Awesome work. Love these pans.

Mine needs to be re-seasoned so I might give your method a go


----------



## PalmRoyale (Dec 3, 2016)

I was quite surprised how easy it is to season a steel pan with my niece's method. I was even more surprised how very non-stick the pan is. I'm a convert, no more teflon or ceramic coated pans for me. I'm going back to Blokker on Monday to buy the 32cm pan as well. It's a good size for backing potatoes and larger cuts of meat.


----------



## Nemo (Dec 3, 2016)

I stopped using non-stick pans this year I got sick of them degrading and I think it's becoming clearer that the PFOAs in them aren't really all that good for you. They also require low- medium temps. I initially started using a stainless pan, seasoned well and this does work well. However, my blue steel pan has become my favourite (very similar to your pan).

After doing a lot of reading, I chose rice bran oil to season with, as it has a very high smoke point. I add enough oil to just coat the pan when it's hot (a few tablespoons). I heat it to just below smoking (it gives off a sort of play-doughy smell just before smoking), then roll the oil over the pan.
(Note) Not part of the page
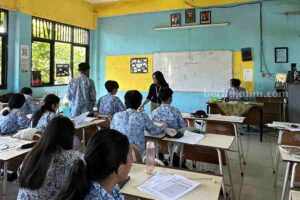Guru Honorer: Profesi yang Tidak Dibutuhkan di Indonesia Foto BeritaJatim.com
I intermittently heat it to maintain the smell (but hopefully not the smoke) for ~2 mins. Let it cool and wipe off the oil. This apparently forms a coating of polymerised oil that seals over the microscopic pits in the steel of the pan which would otherwise cause food to stick. You know that you've achieved this when there is a mirror-like sheen on the surface of the pan.

You will need to do this every time you wash the pan with soap/ detergent. What I do for most washes it to wash in hot water only, then dry the pan by heating on a hot burner (obviously keep an eye on it while doing this).

When cooking with a seasoned pan, it takes a while to learn to change your technique. The pan needs to be hot but not smoking before you put the food in. Apparently when the food first hits the pan, the water in the food vapourises and forms a cushion of steam to protect the food from sticking to the pan while the heat seals the underside of the food. Once this is achieved, you may then need to turn down the heat (depending on the food you are cooking).

Have fun with the new pan.


----------



## KeithA (Dec 3, 2016)

I bought my first carbon steel skillet a few months ago and used different methods and oils to get it all nice. I used an oven method to coat all sides of the skillet, but concentrated on a stove top method for the cooking surface. Thing is I just love things that take extra care and, like my carbon steel knives, feel rewarded by the extra effort in applying frequent updated coatings of either flax seed or coconut oil to the skillet. 

On the other hand, I hate not only the chemicals in non-stick skillets (although this situation is improving) and, ironically I know, the kind of extra care needed to cook with them. Just a different kind of care to me. I want something like you guys that lasts a lifetime and one that I develop a personal relationship with.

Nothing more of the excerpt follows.